There are several ironies in Kildea’s history of Chopin. Chopin is shown to have been pleased by being considered French though he was Polish. Chopin is characterized as anti-Semitic though at times financially supported by Jews and resurrected by a world-renowned harpsichordist, Wanda Landowska, a proud and nationalist Pole who escaped Nazi persecution and extermination. Landowska, a woman of the Jewish faith, flees Paris when Germany invades France.

Wanda Landowska in front of the Bauza piano owned by Chopin.
One of her treasured pianos is the Bauza piano used by Chopin to create his greatest masterpieces, the Preludes.

George Sand (1804-1876, French novelist and 10 year companion of Chopin)
Kildea reflects on Chopin’s diminutive physique and self-effacing nature. Chopin never marries but has a ten-year relationship with George Sand, a divorced woman with a broadly libertine reputation.
One wonders what Sand’s influence is on Chopin’s creativity. What Kildea explains is that Sand admires Chopin’s dedication to music and supports Chopin through his frail health during the most productive period of his life. However, at the end of their ten year relationship, Sand leaves because the burden of their relationship is either too much or she just chooses to return to a life of independence.

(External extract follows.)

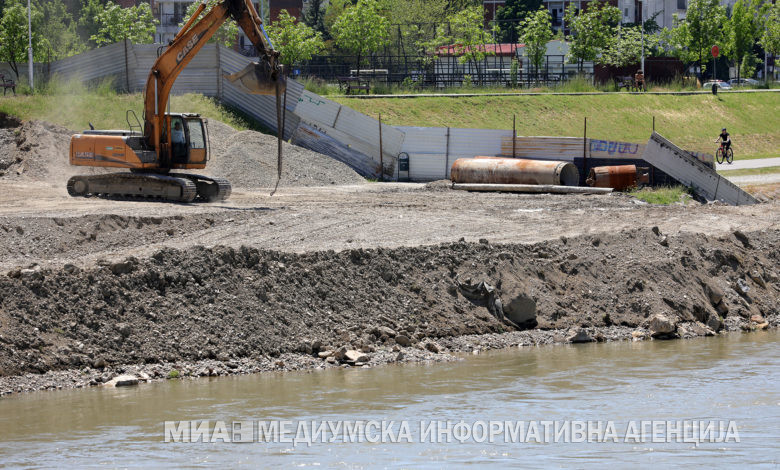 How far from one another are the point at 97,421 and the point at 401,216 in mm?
12640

The thread of Kildea’s history is the Bauza piano’s location in the 21st century. It’s whereabouts remains unknown.
This piano was used by Chopin between 1838-39 when living with George Sand in Majorca. A striking point in Kildea’s story is that the Bauza piano is a crudely formed instrument carved from local softwood. Its innards are made of felt, pig iron, and copper but its cultural importance is extraordinary and its provenance unquestioned. It disappeared when confiscated by Nazi Germany when they ransacked Landowska’s home in Paris.

Wanda Landowska in 1953.
The last half of Kildea’s story is about the trials and achievements of Wanda Landowska. In reflecting on Landowska’s rise to fame, the Bauza piano is a symbol of Chopin’s creative genius.
This flawed instrument is used to create compositions that are endlessly translated by pianoforte (soft and loud sound) from the use of harpsicords to modern Steinways. Landowska, and many pianists of the 19th through the 21st century are listed by Kildea, showing the brilliance and variety of Chopin’s compositions. Only a musical conductor turned author like Kildea could explain this to the public. “Chopin’s Piano” is a small opening to a big world.